À Bremerhaven, on redoute que MSC ne détourne les volumes du terminal qu'il opère avec Eurogate vers Hambourg. Le transporteur vient pourtant de prolonger de 25 ans son accord avec le deuxième manutentionnaire allemand.
Défendu par le Sénat, l'accord entre MSC et la Ville de Hambourg aurait dû être validé le 10 juillet par le Parlement du Land de Hambourg lors de la dernière séance avant les vacances d'été. Or, bloqué par une alliance d'opposition entre la CDU, le parti de gauche et l'AfD, le second vote a été reporté. Il devrait être scellé à l'issue de l'examen de la deuxième lecture prévue le 4 septembre (les décisions importantes doivent être soumises à deux lectures au parlement allemand).

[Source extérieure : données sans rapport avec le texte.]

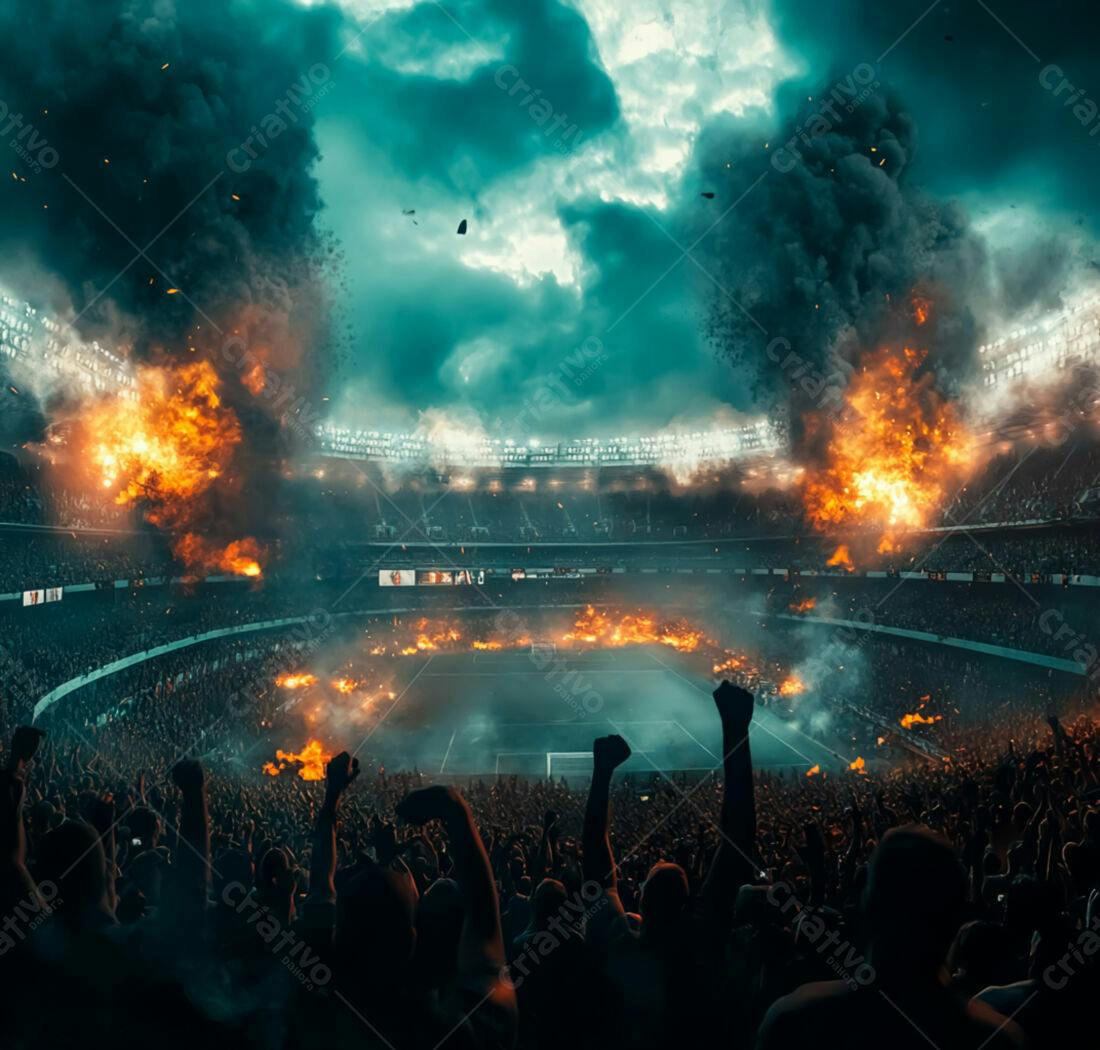 Estádio em chamas multidão eufórica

Selon Die Welt, citant les porte-parole des trois partis, qui ont formé une union inhabituelle, le prix des quelque 19 % d'actions que la Ville de Hambourg veut vendre directement à MSC à 16,75 € par titre ne reflète pas la valeur de l'entreprise (le cours de l'action avait chuté à 11 € au moment des négociations et MSC a déposé une offre supérieur de 40 % au cours de la bourse). Les termes du contrat heurtent par ailleurs alors qu’il faudra attendre 40 ans pour exercer le droit de résiliation. L’accord étant assorti à un engagement de résultat, rien n’est prévu si ce dernier n’est pas tenu.
Hambourg en difficulté
Le troisième port à conteneurs européen dévisse depuis des années, de plus en plus distancé par Rotterdam et Anvers, les deux leaders portuaires européens. Il aura encore été à contre-courant au cours du premier semestre avec 3,8 MEVP, - 0,3 % après une année 2023 en repli de 11,7 %, à 7,7 MEVP.

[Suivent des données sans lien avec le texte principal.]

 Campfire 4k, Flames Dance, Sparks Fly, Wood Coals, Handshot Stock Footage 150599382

« Hambourg a principalement souffert de deux choses : Le manque de soutien politique de la part du gouvernement fédéral allemand à Berlin et, à quelques exceptions près, l'absence de participation et d'implication de la part des grands transporteurs, écrivaient les analystes d'Alphaliner après l'annonce il y a près d'un an. Depuis des décennies, le mantra de Hambourg est d'empêcher les transporteurs de posséder des parties du port et de développer leurs propres terminaux à conteneurs ». Le sujet semble toujours très sensible alors que la prise de participation de Cosco dans un des terminaux avait déjà mis le pays en émoi.